__TASK REQUIREMENTS__: An exact copy of every entry is needed, without any of the pictures.

[Data excerpts]
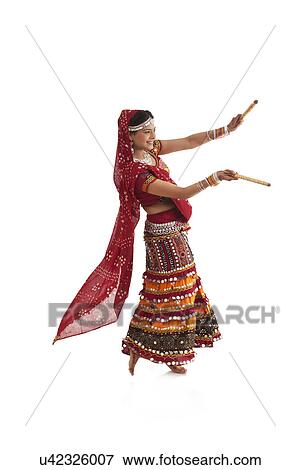 Stock Photo - Female dandiya dancer dancing with sticks . Fotosearch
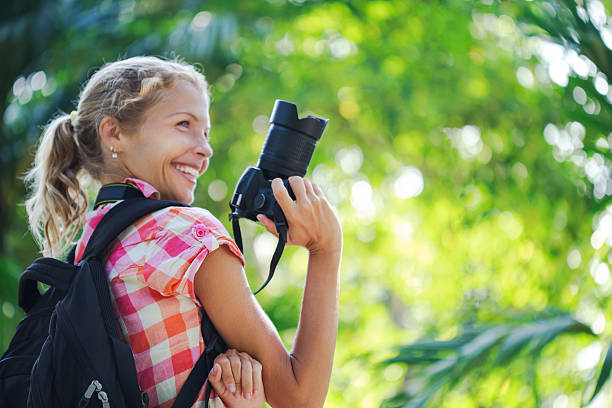 istock Young woman taking photos with camera 523259920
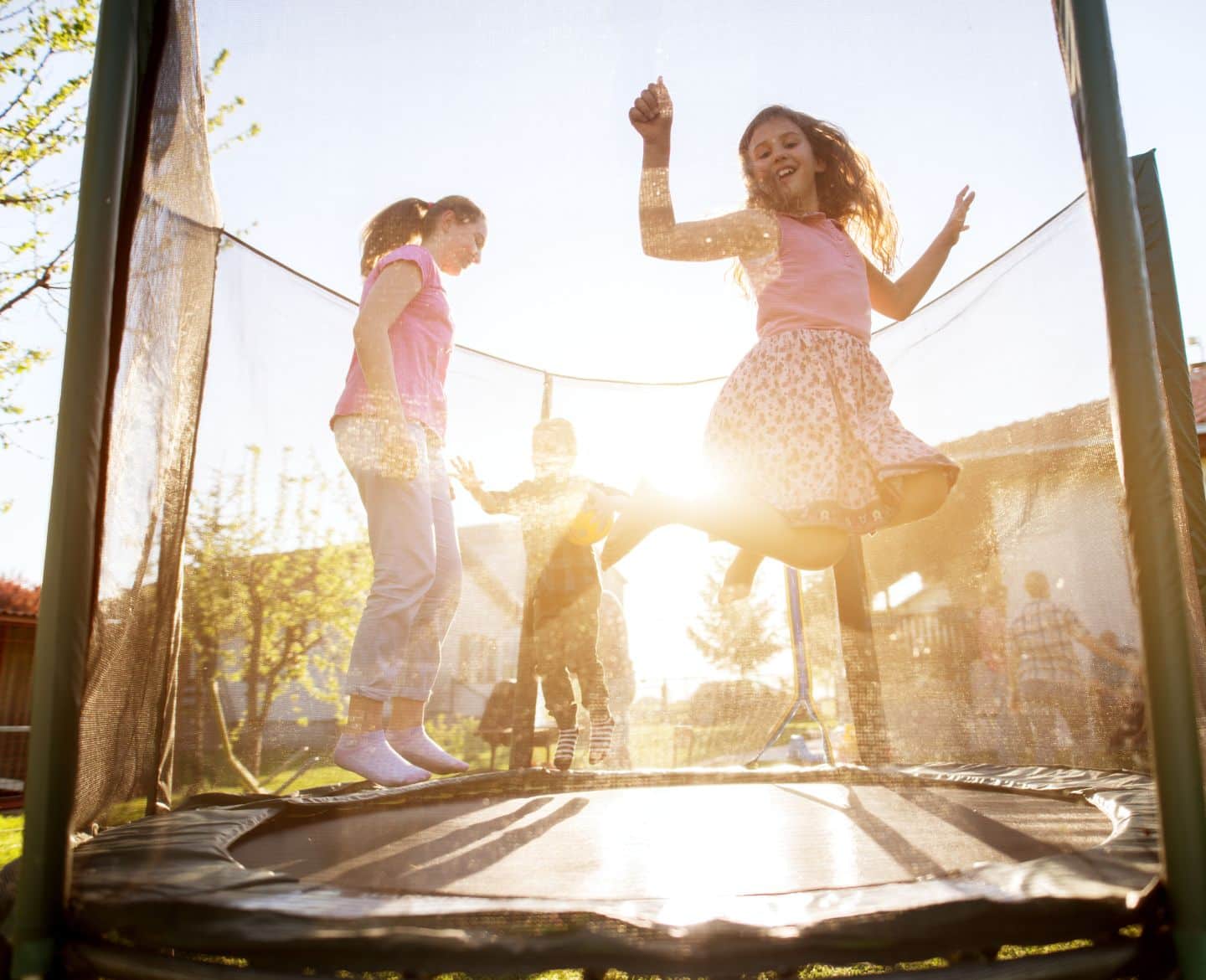 family on trampoline mom saying yes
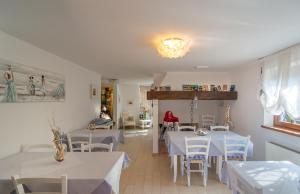 利多迪卡马约雷伊尔福蒂诺别墅住宿加早餐旅馆的一间设有白色桌子和白色椅子的餐厅,以及一间供个人用餐的餐厅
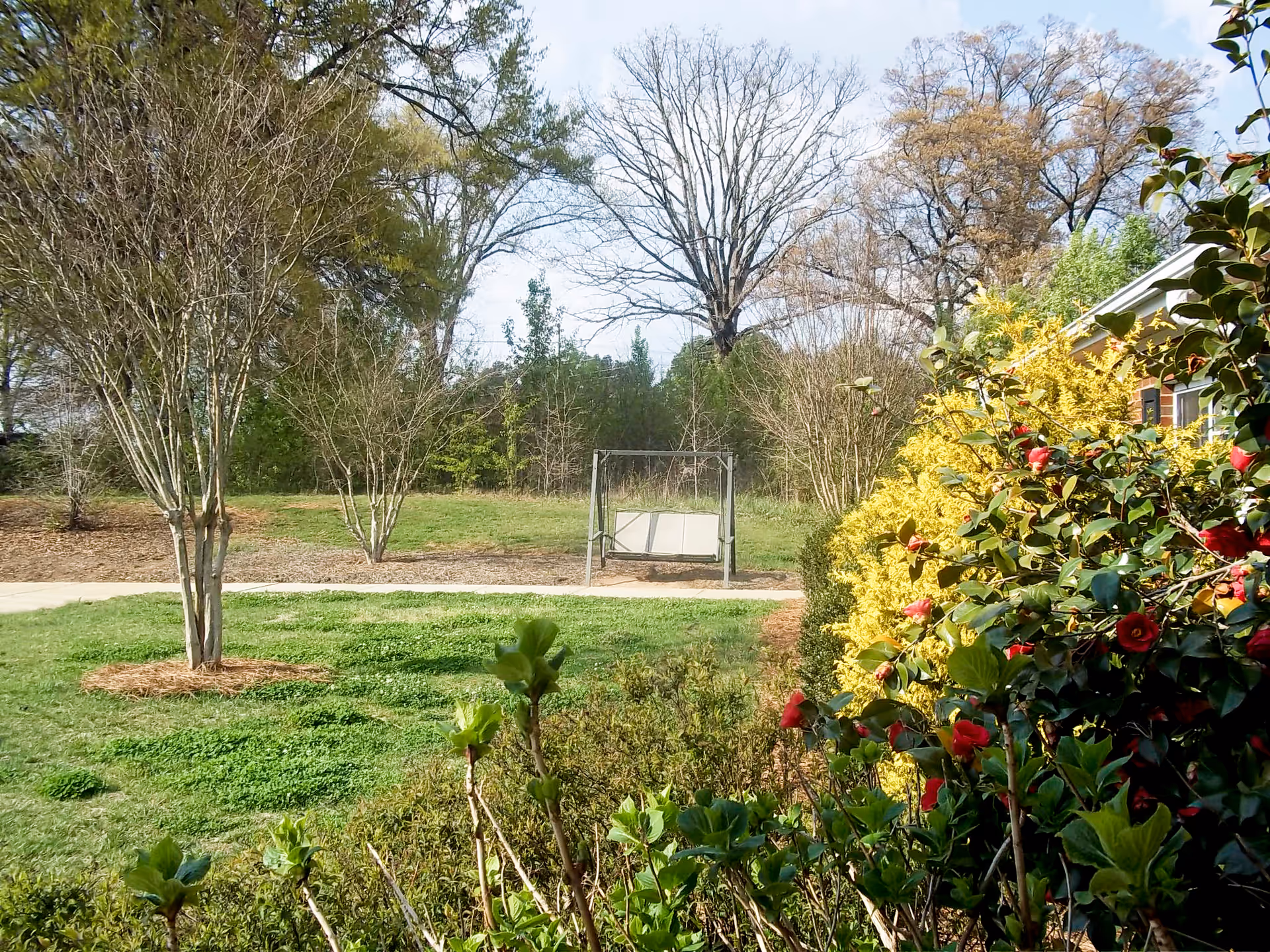 Outdoor garden area with green grass, trees, bushes with red flowers, and a metal swing bench. A building with yellow siding is partially visible on the right side.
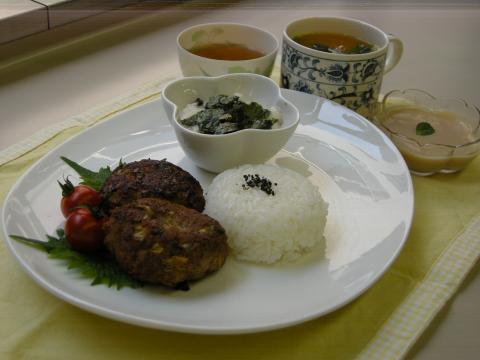 平らな白い丸皿に、大葉の上にミニトマト2個と丸いハンバーグ2個、黒ごまが振られた丸いご飯、海苔が乗った和え物が盛られ、スープとデザートが載った写真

__RESULT BELOW__:
 Stock Photo - Female dandiya dancer dancing with sticks . Fotosearch
 istock Young woman taking photos with camera 523259920
 family on trampoline mom saying yes
 利多迪卡马约雷伊尔福蒂诺别墅住宿加早餐旅馆的一间设有白色桌子和白色椅子的餐厅,以及一间供个人用餐的餐厅
 Outdoor garden area with green grass, trees, bushes with red flowers, and a metal swing bench. A building with yellow siding is partially visible on the right side.
 平らな白い丸皿に、大葉の上にミニトマト2個と丸いハンバーグ2個、黒ごまが振られた丸いご飯、海苔が乗った和え物が盛られ、スープとデザートが載った写真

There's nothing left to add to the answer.